The Oxford Union debated the question of gay marriage in the Church this Thursday, with Anglican bishops, Christian theologians, and students taking part. In an otherwise balanced debate, two speakers’ views stood out as “very bigoted”, according to some members. The debate also featured an impromptu floor speech in favour of gay marriage from the visiting former Health Secretary Matt Hancock.
Significant online controversy surrounded the announcement of this debate motion, which Union President Charlie Mackintosh addressed, reminding attendees that a purpose of debate was to offer freedom of speech to all religious. With this in mind, Mackintosh told the chamber he was “baffled” that anyone could contest the running of the motion.

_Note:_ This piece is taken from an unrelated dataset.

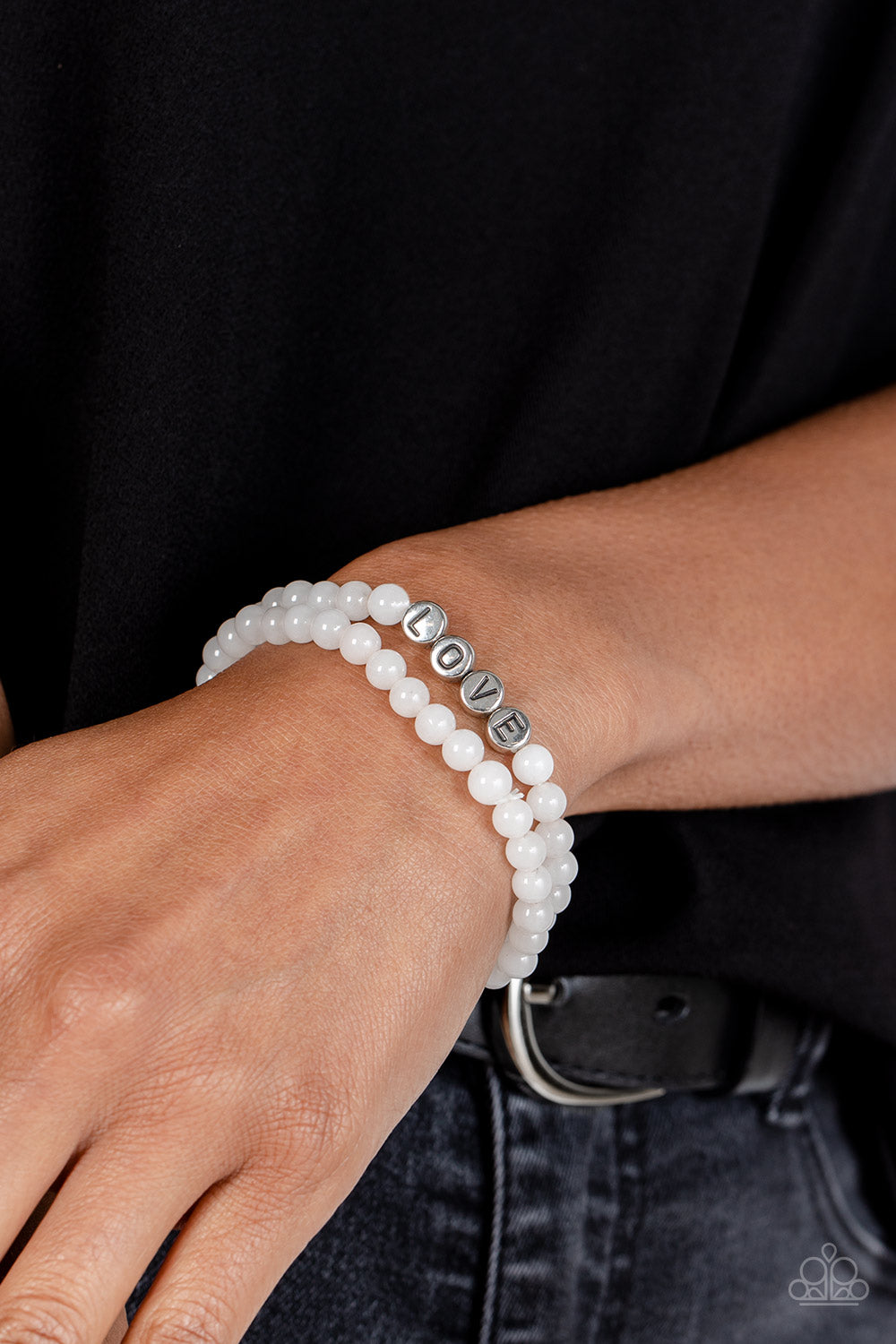 Devoted Dreamer - White - Paparazzi Accessories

Speakers from the opposition nonetheless caused controversy, with Dr Ian Paul comparing pro-LGBTQ+ rulings from secular authorities to the control of religion in “Nazi Germany or the Soviet Union”. However, a member from New College told Cherwell that he was “disgusted” with this argument.
Dr Paul went on to argue against a “new colonialism”, speaking against the growing number of liberal representatives in Western churches who have urged religious communities in former colonies to widen inclusivity for all sexualities in marriage. Another member attending the debate told Cherwell that some of the views expressed “unbelievably bigoted” and the opposition was “intolerant” of the LGBTQ+ community.

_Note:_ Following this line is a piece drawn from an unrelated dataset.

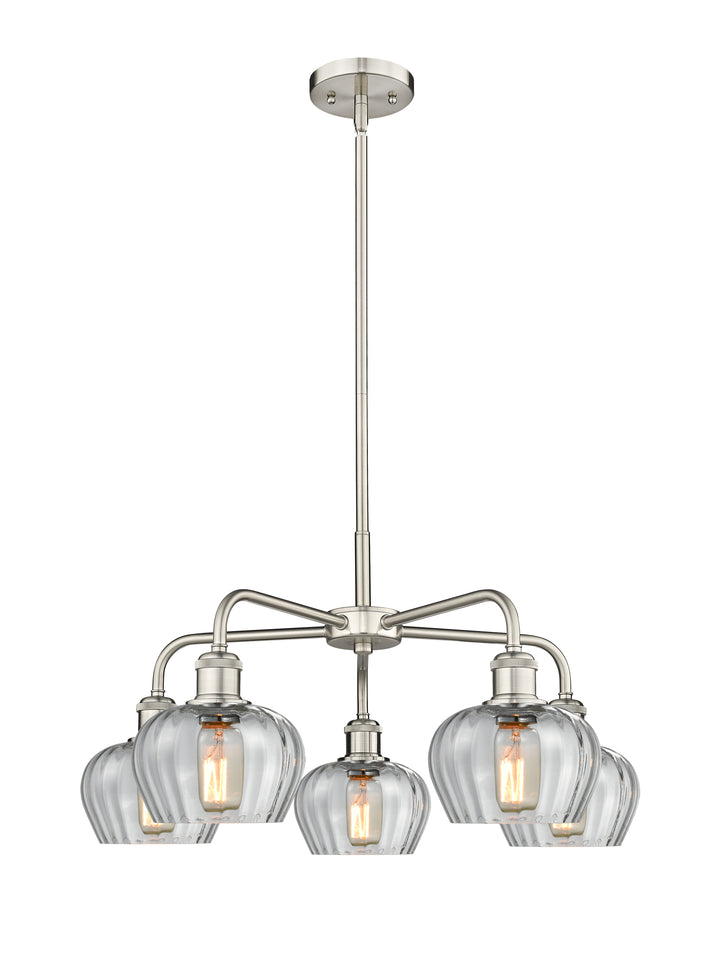 Innovations Lighting Fenton 6.5" Chandelier - Satin Nickel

On the other side of the debate, speaking in proposition of the motion, the Bishop of Buckingham urged all to support same-sex marriage in the Church, claiming that “God is love”.
The second Anglican bishop to speak was in agreement with this, telling the chamber, “Sisters and brothers tonight choose mercy, choose love, choose life”.
Matt Hancock MP, who was present at the Union, said he felt moved to speak on the motion during floor speeches. He told the chamber: “If we don’t provide leadership in what is right, what is debating for?” Despite an at-times awkward address on PPE contracts and lockdown guidelines earlier in the day, Hancock spoke strongly in favour of universal gay marriage.
The debate shifted tone again with the next opposition speech. Calvin Robinson, Deacon of the Free Church of England, stressed that it is “the sin that is the problem, not the sinner”. Robinson’s real qualm is with those in the Church who promote gay marriage, as they do not have “the authority to bless sin”. In response to those advancing same-sex marriage in the Church, Robisnon stated that he heard “the Devil at work”. If passed, this change would amount to “sacremental sodomy”.
At the end of the debate the members voted overwhelmingly to accept this motion by a margin of 186-41.